--- WORK TASK ---
Begin at the line with "New in box, a- premium" and write out every line after it, exactly, through the last line below, adding nothing.

:: DATA FOR THE TASK

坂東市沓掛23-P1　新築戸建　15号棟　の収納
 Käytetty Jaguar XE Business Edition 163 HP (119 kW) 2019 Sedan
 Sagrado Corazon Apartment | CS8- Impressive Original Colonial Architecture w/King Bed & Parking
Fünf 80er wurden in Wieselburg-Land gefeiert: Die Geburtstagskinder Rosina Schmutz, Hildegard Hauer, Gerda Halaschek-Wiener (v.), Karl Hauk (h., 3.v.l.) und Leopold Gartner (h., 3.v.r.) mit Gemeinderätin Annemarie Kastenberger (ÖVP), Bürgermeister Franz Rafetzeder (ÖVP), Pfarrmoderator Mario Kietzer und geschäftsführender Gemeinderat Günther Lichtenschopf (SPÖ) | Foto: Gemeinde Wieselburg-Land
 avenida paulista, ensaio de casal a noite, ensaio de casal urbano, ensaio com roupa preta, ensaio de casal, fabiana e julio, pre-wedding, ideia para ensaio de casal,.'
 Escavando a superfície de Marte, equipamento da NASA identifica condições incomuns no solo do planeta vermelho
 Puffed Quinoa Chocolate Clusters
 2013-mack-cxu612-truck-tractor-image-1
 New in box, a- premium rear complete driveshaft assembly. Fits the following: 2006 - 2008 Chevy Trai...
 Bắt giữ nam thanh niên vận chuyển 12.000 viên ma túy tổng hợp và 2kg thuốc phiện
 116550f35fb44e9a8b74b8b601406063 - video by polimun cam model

::::

--- RESULT BELOW ---
 New in box, a- premium rear complete driveshaft assembly. Fits the following: 2006 - 2008 Chevy Trai...
 Bắt giữ nam thanh niên vận chuyển 12.000 viên ma túy tổng hợp và 2kg thuốc phiện
 116550f35fb44e9a8b74b8b601406063 - video by polimun cam model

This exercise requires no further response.